Here is the core of the scam. NCERT publishes textbooks for classes 1 to 12 as per the set syllabus. One such book costs around Rs 65. Now, take the same syllabus, get a private publisher to print it, and that same book gets sold inside private schools for Rs 650. Ten times the price. For the same content. Written by far less qualified authors.
And parents have no choice but to buy it.
Private schools follow the NCERT syllabus; they are required to. But they quietly bundle in books from private publishers alongside NCERT books, and push them onto students. These private publisher books cover nothing extra. They add no additional knowledge. They do not go beyond the syllabus. What they do carry, however, is a fat commission for the school that sells them.
The numbers tell a damning story. India’s total school book market is worth Rs 42,000 crore. Private publishers control 70 percent of that market, nearly Rs 28,000 crore, even though government schools, which teach 61 percent of all students, use only NCERT books. Private schools have fewer students but make far more money.
Meanwhile, NCERT spends Rs 100 crore every year just on research. Economists like Bibek Debroy, historians like Sanjiv Sanyal, and scientists like Dr Shekhar Mande are part of NCERT’s expert panels. These are the books private schools are quietly replacing with cheaper-to-produce, error-ridden alternatives.
And errors there are serious ones. A nursery rhyme book called My Rhyme Book, priced at Rs 175 for just 23 pages, has a poem about a family that shows five people in the picture but says “We are four in all.” On another page, a counting exercise shows five fingers next to the number three. This is what private schools charge ten times more to teach Indian children.
The fees story is just as brutal. In metros like Delhi and Mumbai, sending one child to a private school costs up to Rs 6 lakh a year.
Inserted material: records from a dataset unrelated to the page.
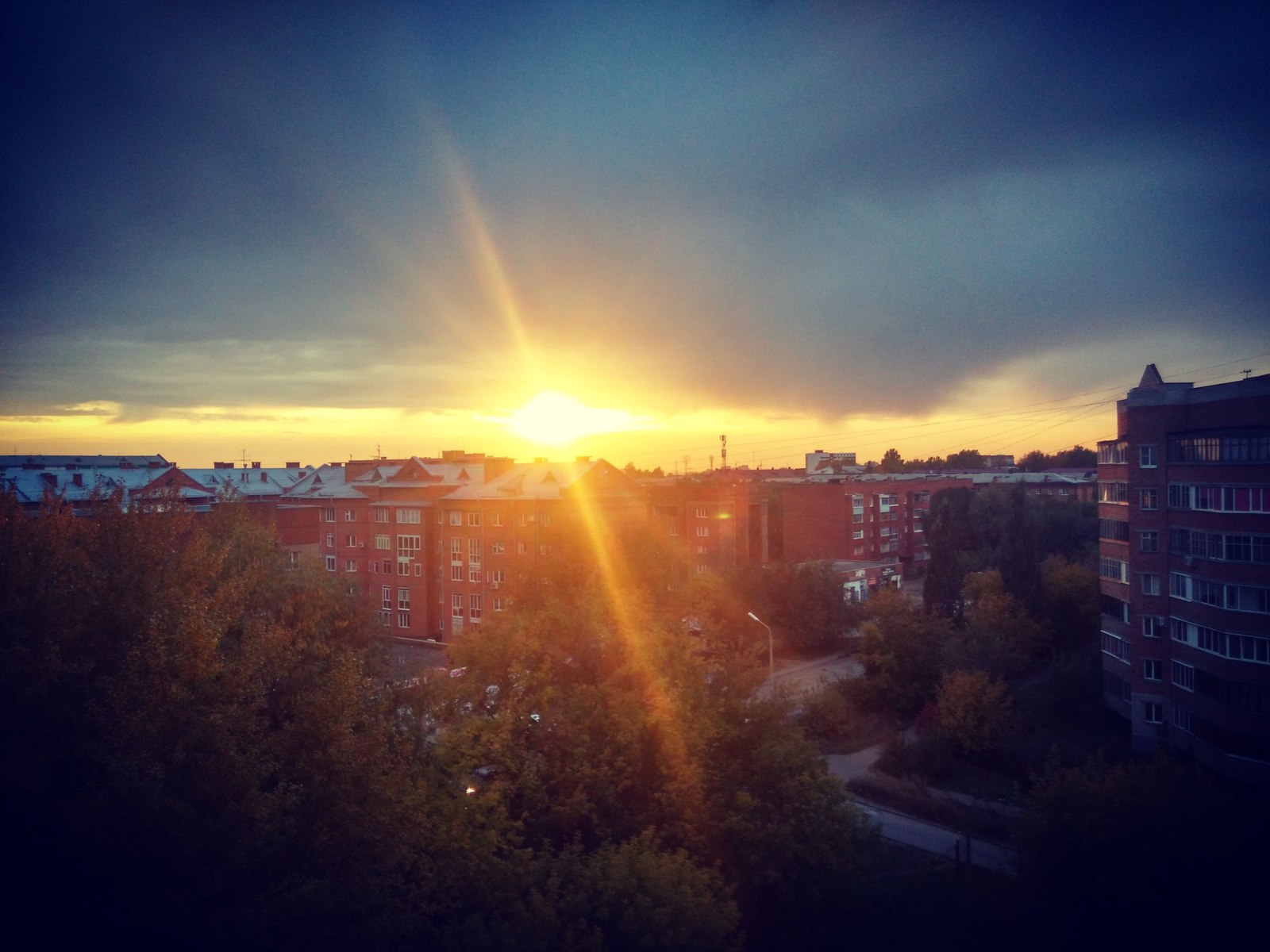 Evening sunset - My, Omsk, Sunset, Evening, The sun, My, Photo, View from the window, Oil workers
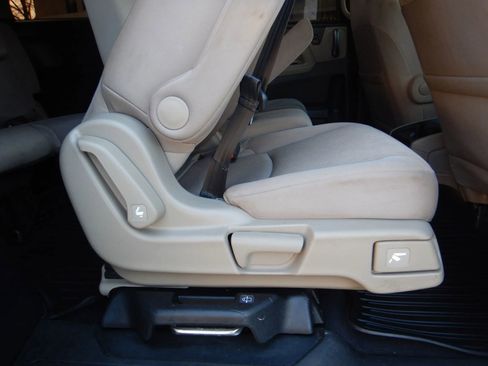 Used 2019 Honda Odyssey EX image 25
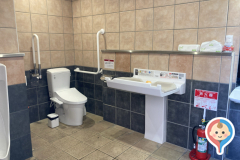 クスリのアオキ六丁の目店のオムツ替え台情報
In cities like Lucknow, Bhopal, and Patna, it ranges from Rs 1 to 4 lakh. The average Indian family of four earns about Rs 5 lakh a year. That means a family can spend up to 40 percent of their entire annual income just to educate one child in a private school.
And fees are not fixed. In 2024-25, the average Indian income rose by 8 percent. Private school fees rose by 15 to 25 percent in the same period, nearly three times faster. In the last three years, some schools have hiked fees by 80 percent. At Delhi’s Salwan Public School in Mayur Vihar, parents who protested a fee hike were punished by having their children barred from entering classrooms.
India has 15 lakh schools. 23 percent are private. Yet the annual turnover of private schools in this country is nearly Rs 5 lakh crore — more than the annual budgets of Bihar, Karnataka, Andhra Pradesh, and Gujarat combined.
As Nelson Mandela once said, ” Education is the most powerful weapon you can use to change the world.” In India’s private school system, that weapon has been turned against the very people it was meant to help.
Expensive fees. Overpriced books. And errors in the pages children are supposed to learn from. This is not just a consumer issue. This is a national crisis. Rules must be made. Oversight must be enforced. Because what happens in a child’s classroom today determines what kind of country India will be tomorrow.